- THE PROBLEM
Set down every record below exactly as it stands, leaving out the pictures.

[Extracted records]
_ _ _ _

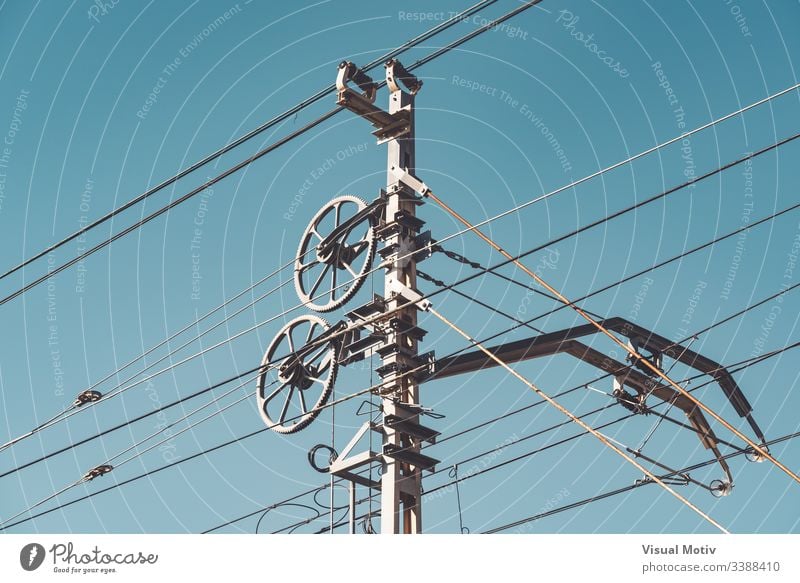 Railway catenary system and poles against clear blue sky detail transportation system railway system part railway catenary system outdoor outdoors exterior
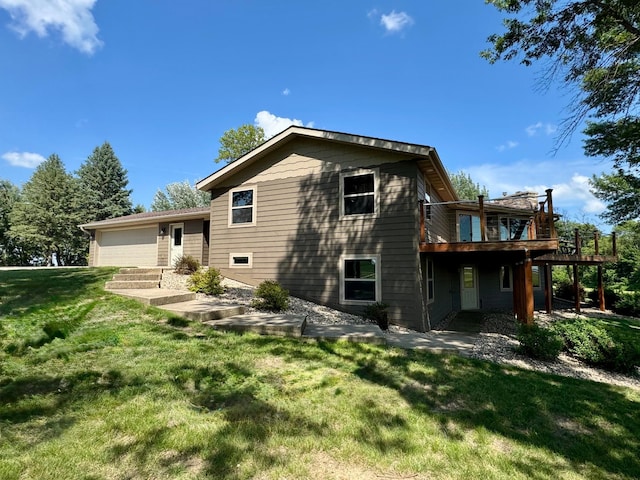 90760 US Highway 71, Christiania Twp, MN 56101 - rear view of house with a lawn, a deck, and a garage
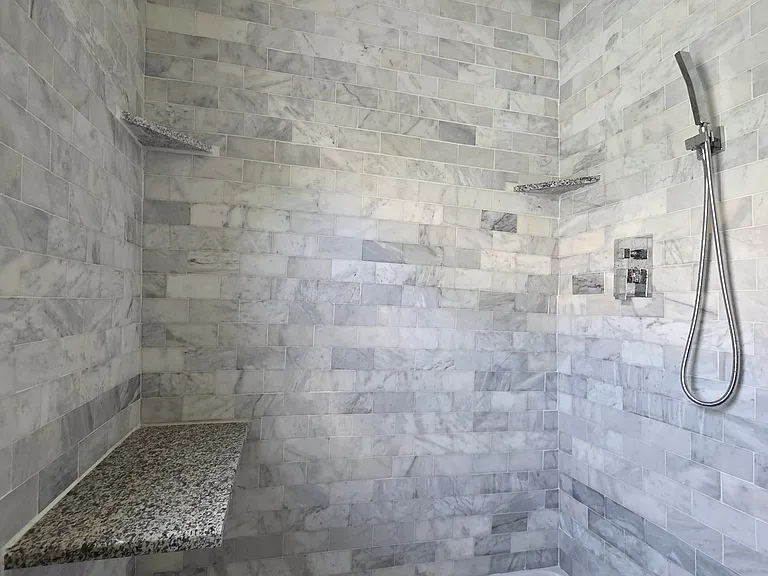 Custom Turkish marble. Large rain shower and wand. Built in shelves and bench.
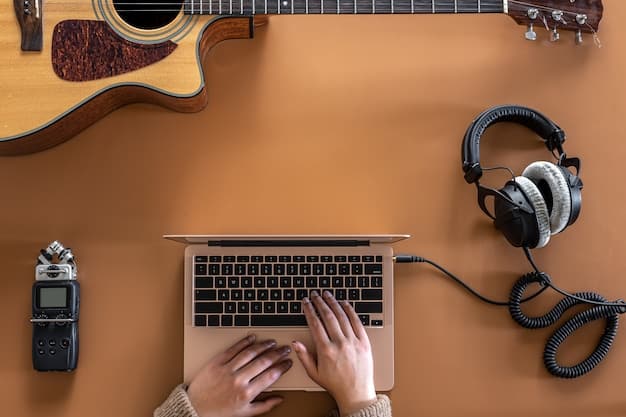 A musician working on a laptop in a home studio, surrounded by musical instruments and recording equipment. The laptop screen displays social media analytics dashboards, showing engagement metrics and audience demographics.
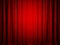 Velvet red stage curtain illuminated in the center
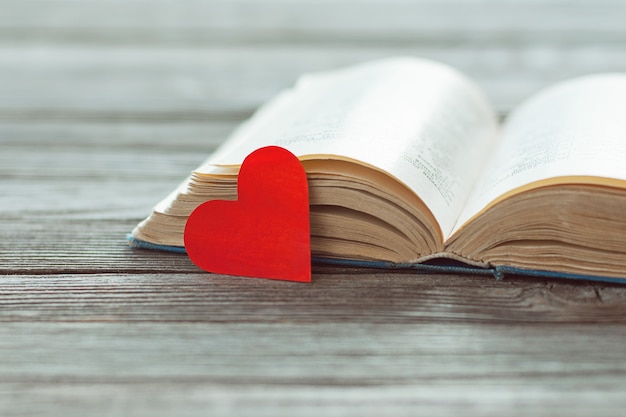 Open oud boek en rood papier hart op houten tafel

_ _ _ _

- RESULT FOR THIS EXERCISE
 Railway catenary system and poles against clear blue sky detail transportation system railway system part railway catenary system outdoor outdoors exterior
 90760 US Highway 71, Christiania Twp, MN 56101 - rear view of house with a lawn, a deck, and a garage
 Custom Turkish marble. Large rain shower and wand. Built in shelves and bench.
 A musician working on a laptop in a home studio, surrounded by musical instruments and recording equipment. The laptop screen displays social media analytics dashboards, showing engagement metrics and audience demographics.
 Velvet red stage curtain illuminated in the center
 Open oud boek en rood papier hart op houten tafel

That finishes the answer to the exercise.